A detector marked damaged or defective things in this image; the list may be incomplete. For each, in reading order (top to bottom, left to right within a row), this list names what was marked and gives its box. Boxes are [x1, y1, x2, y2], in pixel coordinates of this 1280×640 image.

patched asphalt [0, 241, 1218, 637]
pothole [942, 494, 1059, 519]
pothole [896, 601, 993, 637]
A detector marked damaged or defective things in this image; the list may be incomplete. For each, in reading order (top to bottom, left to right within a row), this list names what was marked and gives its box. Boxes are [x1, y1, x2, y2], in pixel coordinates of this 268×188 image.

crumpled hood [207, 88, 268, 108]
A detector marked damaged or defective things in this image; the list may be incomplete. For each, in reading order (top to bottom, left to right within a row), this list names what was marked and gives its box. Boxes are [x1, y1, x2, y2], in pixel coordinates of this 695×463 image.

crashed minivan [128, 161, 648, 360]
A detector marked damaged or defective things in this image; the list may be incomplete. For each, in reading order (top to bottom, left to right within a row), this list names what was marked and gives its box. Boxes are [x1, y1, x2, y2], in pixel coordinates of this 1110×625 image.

───

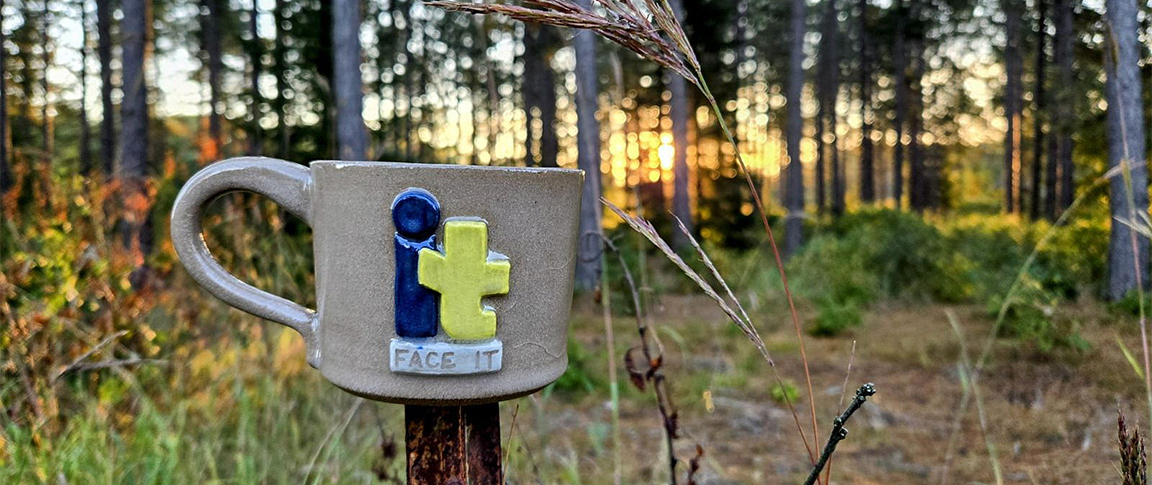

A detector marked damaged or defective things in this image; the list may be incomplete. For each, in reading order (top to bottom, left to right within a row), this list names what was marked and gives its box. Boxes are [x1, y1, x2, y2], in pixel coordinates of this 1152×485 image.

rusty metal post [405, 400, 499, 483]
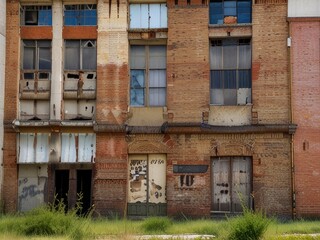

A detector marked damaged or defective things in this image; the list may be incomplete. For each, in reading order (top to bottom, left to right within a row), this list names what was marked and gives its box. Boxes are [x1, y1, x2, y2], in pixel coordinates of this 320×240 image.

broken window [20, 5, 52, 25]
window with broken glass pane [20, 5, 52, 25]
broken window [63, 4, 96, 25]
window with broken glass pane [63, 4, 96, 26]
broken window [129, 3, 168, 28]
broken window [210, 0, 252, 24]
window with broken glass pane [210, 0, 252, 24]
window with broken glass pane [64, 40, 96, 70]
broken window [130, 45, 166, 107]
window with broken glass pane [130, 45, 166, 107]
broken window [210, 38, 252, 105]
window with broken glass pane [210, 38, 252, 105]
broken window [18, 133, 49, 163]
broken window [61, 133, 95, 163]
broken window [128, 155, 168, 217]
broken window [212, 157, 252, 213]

───

* [Task objective]
Copy the lines of the data above exactly as written, beginning with the line containing "this 695×463 image." and ending with the line containing "this 1110×625 image.", and leave out all other lines.

* [Answer section]
A detector marked damaged or defective things in this image; the list may be incomplete. For each, in reading order (top to bottom, left to right within a row), this list names what was marked and gives its box. Boxes are [x1, y1, x2, y2], in pixel coordinates of this 695×463 image.

crashed minivan [128, 161, 648, 360]
A detector marked damaged or defective things in this image; the list may be incomplete. For each, in reading order (top to bottom, left to right within a row), this list names what was marked and gives its box. Boxes are [x1, y1, x2, y2], in pixel coordinates of this 1110×625 image.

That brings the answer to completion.